In February 1981 a program designating free fares once a month was introduced, intended to increase ridership. Fares during this period were $0.50 locally and $1.00 between towns.

=== 1981-1990 ===
On August 1, 1981 NECTD's two routes were consolidated into a single route from Thompson to Plainfield:

- Thompson-Plainfield (commonly referred to as the Regional Route), Tuesdays through Saturdays from 9 a.m. to 4 p.m.
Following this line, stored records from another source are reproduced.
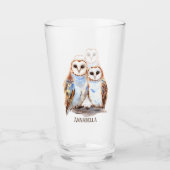 Cute owl bird lovers add text glas (Voorkant)
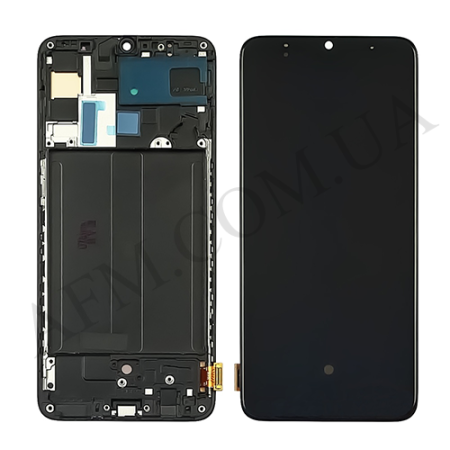 Дисплей Samsung A705F Galaxy A70 OLED (Small LCD) чорний + рамка
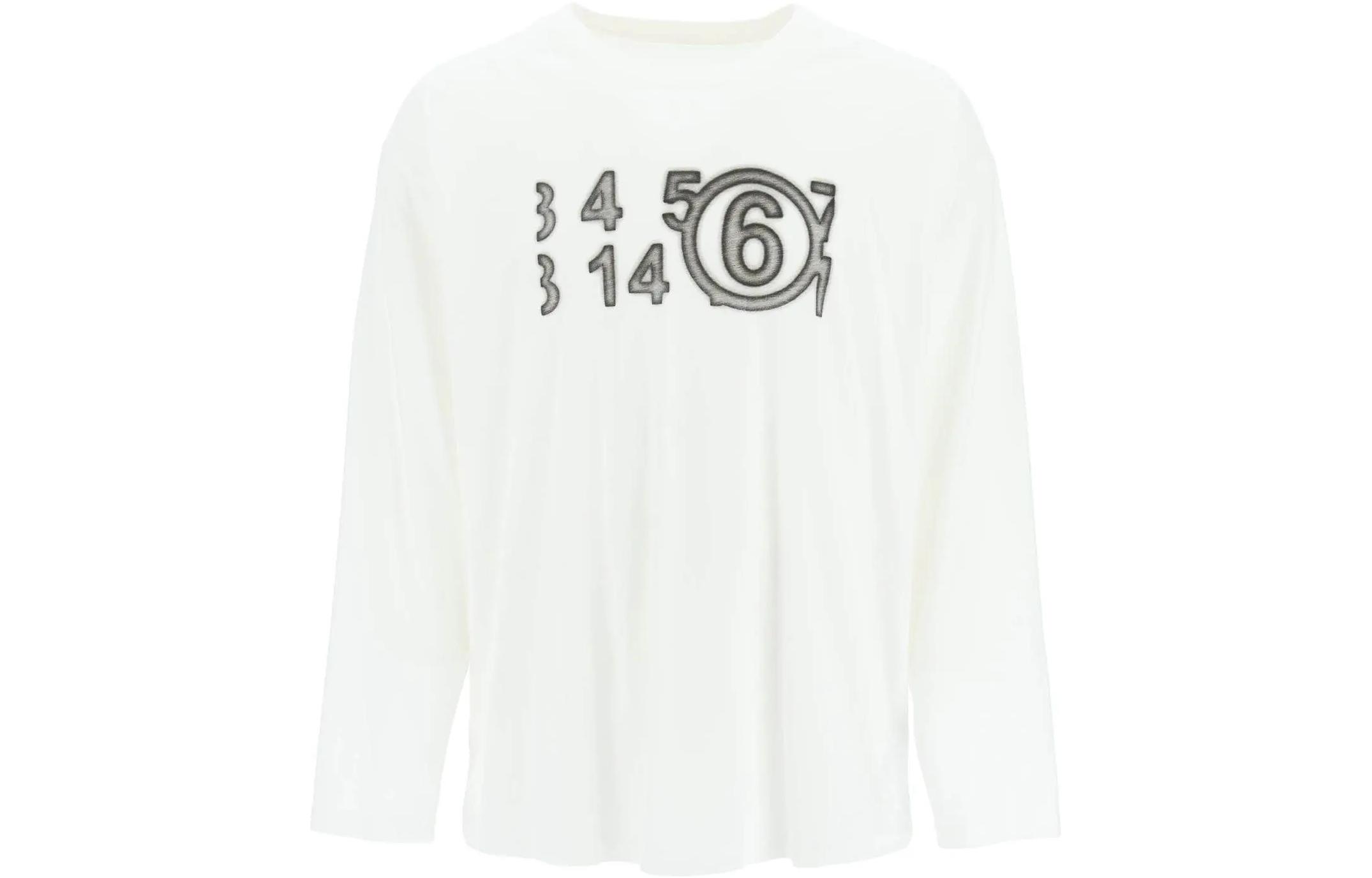 Maison Margiela Numeric Print White Long Sleeve Sweatshirt Men S50GU0164-S25503-101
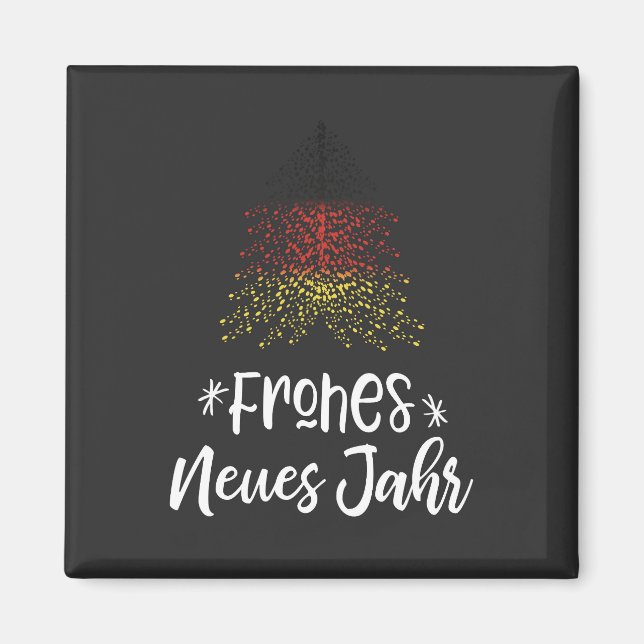 Imã Árvore de Natal feliz ano novo com bandeira alemã (Frente)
In February 1989 service was altered to begin at 9:30 a.m. and end at 6:36 p.m.

=== 2016-2020 ===
Aside from the renaming off all weekday routes in 2016, there were little changes to the routes for a number of years:

- Blue Line (Northern Loop until 2016): served Putnam, weekdays from 8:15 a.m. to 4:30 p.m.
- Green Line (Southern Loop until 2016): served Killingly-Brooklyn, weekdays from 7:30 a.m. to 5:30 p.m.
- Purple Line (South Shuttle until 2016): served Thompson-Putnam-Killingly-Brooklyn (southbound), weekdays from 7:30 a.m. to 5:20 p.m.
- Red Line (North Shuttle until 2016): served Brooklyn-Killingly-Putnam-Thompson (northbound), weekdays from 8:35 a.m. to 4:30 p.m.
- Weekender Service: served Thompson-Putnam-Killingly-Brooklyn from 7:30 a.m. to 1:40 p.m.

=== 2020-present ===
Since the creation of the Orange Line in 2020 NECTD operates six routes, five which operate on weekdays and one which operates on weekends:

- Blue Line: serves Putnam, weekdays from 8:15 a.m. to 4:30 p.m.
- Green Line: serves Killingly-Brooklyn, weekdays from 7:30 a.m. to 5:30 p.m.
- Orange Line: serves Brooklyn-Plainfield, weekdays from 7:40 a.m. to 5:05 p.m.
- Purple Line: serves Thompson-Putnam-Killingly-Brooklyn (southbound), weekdays from 7:50 a.m. to 5:00 p.m.
- Red Line: serves Brooklyn-Killingly-Putnam-Thompson (northbound), weekdays from 9:00 a.m. to 5:10 p.m.
- Weekender Service: serves Thompson-Putnam-Killingly-Brooklyn from 7:30 a.m. to 1:40 p.m.